Monday, March 10, 2014

Faith and Repentance

From Murray's Redemption: Accomplished and Applied

The sufficiency of his saviourhood rests upon the work he accomplished once for all when he died upon the cross and rose again in triumphant power. But it resides in the efficacy and perfection of his continued activity at the right hand of God. It is because he continues ever and has an unchangeable priesthood that he is able to save them that come unto him and to give them eternal life. When Christ is presented to lost men in the proclamation of the gospel, it is as Saviour he is presented, as one who ever continues to be the embodiment of the salvation he has once for all accomplished. It is the Saviour himself and therefore salvation full and perfect. There is no imperfection in the salvation offered and there is no restriction to its overture; it is full, free, and unrestricted. And this is the warrant of faith.

Repentance we must not think of as consisting merely in a change of mind in general; it is very particular and concrete. And since it is a change of mind with reference to sin, it is a change of mind with reference to particular sins, sins in all the particularity and individuality which belong to our sins. It is very easy for us to speak of sin, to be very denunciatory respecting sin, and denunciatory respecting the particular sins of other people and yet not be penitent regarding our own particular sins. The test of repentance is the genuineness and resoluteness or our repentance in respect of our own sins, sins characterized by the aggravations which are peculiar to our own selves.

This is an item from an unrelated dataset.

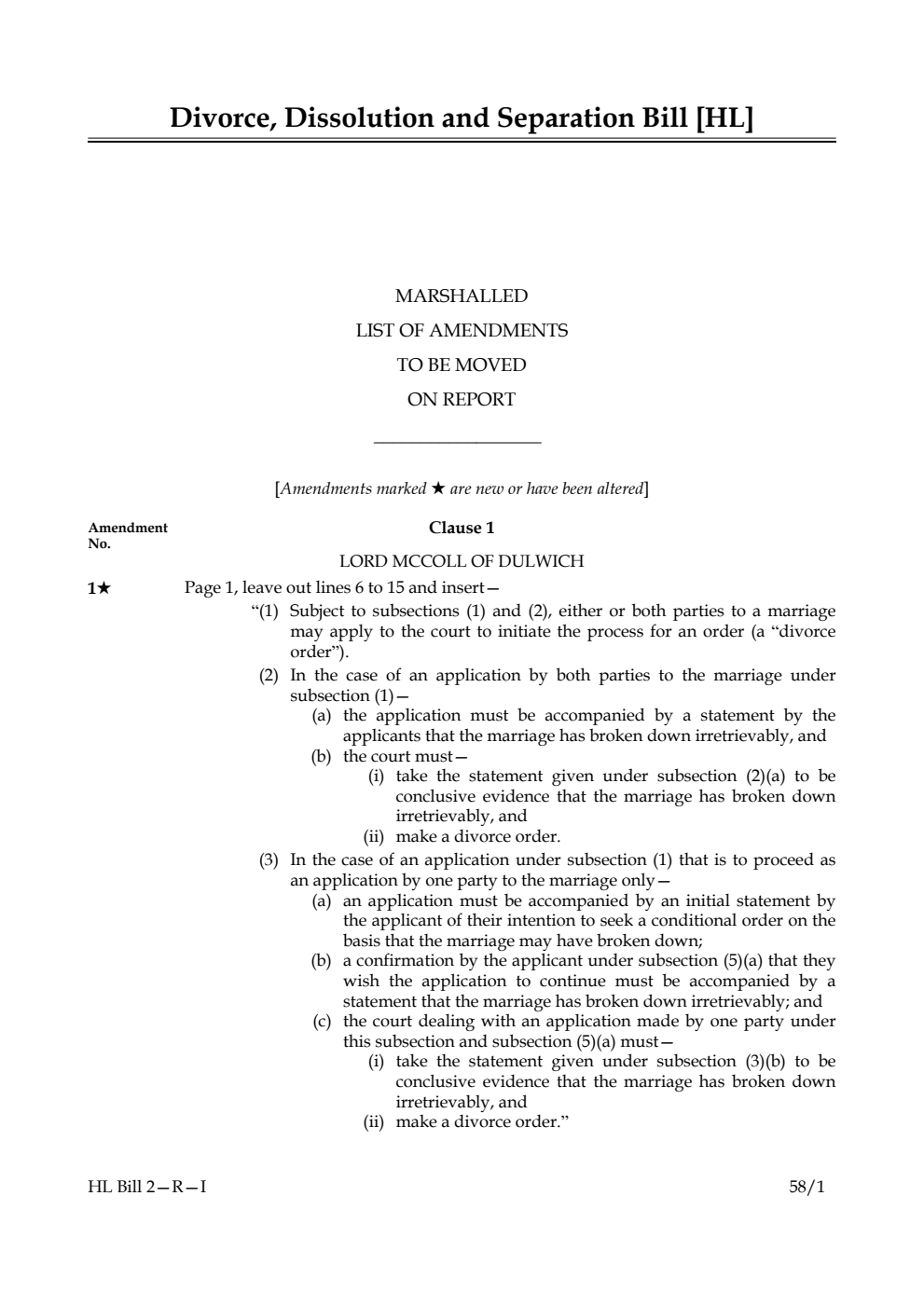Divorce, Dissolution and Separation Bill Marshalled List of amendments to be moved on report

The broken spirit and contrite heart are abiding marks of the believing soul. As long as sin remains there must be the consciousness of it and this conviction or our own sinfulness will constrain self-abhorrence, confession, and the plea of forgiveness and cleansing. Christ's blood is the laver of initial cleansing but it is also the fountain to which the believer must continuously repair. It is at the cross of Christ that repentance has its beginning; it is at the cross of Christ that it must continue to pour out its heart in the tears of confession and contrition. The way of sanctification is the way of contrition for the sin of the past and of the present.